Rutabagas and parsnips are both very unique and very similar in their glycemic profiles. On the Index both get a very high score of 79, which does not seem too much of an improvement over a potato’s score of 82. However, the rate at which the metabolism processes these two roots [GL] is at a low “7” compared to the potato’s score of 33! One of the biggest factors for this low GL is the fiber content of each, which helps slows digestion and thus enables the body to turn the starch of each root into sugars in a measured fashion. Cooking these two in a pot of chicken broth adds another layer of subtle flavor to this dish. Strain the broth and bay leaf out of the pot when the veggies are done, but retain the garlic to be included in the mash.

I guess one could run the cooked roots through a food processor, whipping them into a pretty good replica of mashed potatoes with the push of a button…as well as lose most of the distinctive flavors that make this dish so much more superior than just a pile of whipped potatoes! Instead, I used a hand mixer/egg-beater, which is probably older than I am, because of this culinary tool’s INEFFECIENCY! That is, I went the food processor route on my first prep of this dish. However, if one mixes all the colors of the rainbow together in one bucket of paint, for instance, the result will be a gray tone; that also describes pretty accurately the taste of that first batch that was whipped-until-muddled in the processor! On the other hand (no pun), the manual mixer created small chunks of the naturally sweet rutabaga and parsnip scattered amidst a granulated mixture that was almost creamy but with a pleasant, more interesting texture.

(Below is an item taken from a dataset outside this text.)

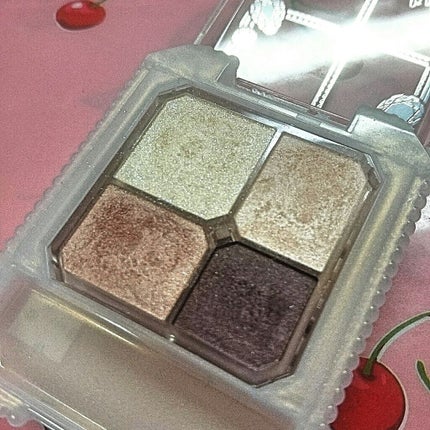 ジュエリングアイズ RD784 うぬぼれ/MAJOLICA MAJORCA/アイシャドウパレットを使ったクチコミ(2枚目)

For an everyday meal, this dish could be served as recounted thus far. However a caramelized Sweet Onion topping, baked golden, is the touch that qualifies this dish for the holiday table. The presentation is not only striking, but the added accent of buttery-sweet onion laces through every bite and really upgrades the flavor profile to a special occasion dish. Now your only decision at this table of temptations is whether you are going to pass this dish around for others to try or let the rest of them settle for those plain ol’ mashed potatoes! Have a happy and glycemic-friendly holiday feast!

Rutabaga-Parsnip Mash Casserole
Serves 6


5 cups chicken broth
2½ lbs. rutabagas, peeled, cut into 1/2-inch pieces
2½ lbs. parsnips, peeled, cut into 1 1/2-inch pieces
5 garlic cloves
1 bay leaf
1 Tbsp. fresh thyme leaves
1 ½ sticks butter, room temperature, separated
3 large Perfect Sweet onions, thinly sliced rings


Combine all the ingredients, except the butter and onions, in large pot; bring liquid to boil. Then reduce heat, cover and simmer-steam until the two roots are fork tender, about 20 minutes.

Transfer vegetables to a large bowl, along with any broth left in the pot. Add in the stick of butter. Using electric or hand mixer, beat mixture until mashed but still chunky. Season with salt and pepper. Transfer mashed vegetables to baking dish sprayed with cooking spray.

Melt remaining half-stick of butter over medium-high heat, add sliced onions and sauté until beginning to brown, about 5 minutes. Reduce heat to medium-low and sauté until onions are tender and golden brown, about 15 minutes. Season with salt and pepper.

Spread onions evenly over mashed vegetables. [Casserole can be prepared to this point up to 1 day ahead. Cover and refrigerate]. To Finish: Bake casserole at 375°F uncovered until heated through and onion topping begins to crisp, about 25 minutes.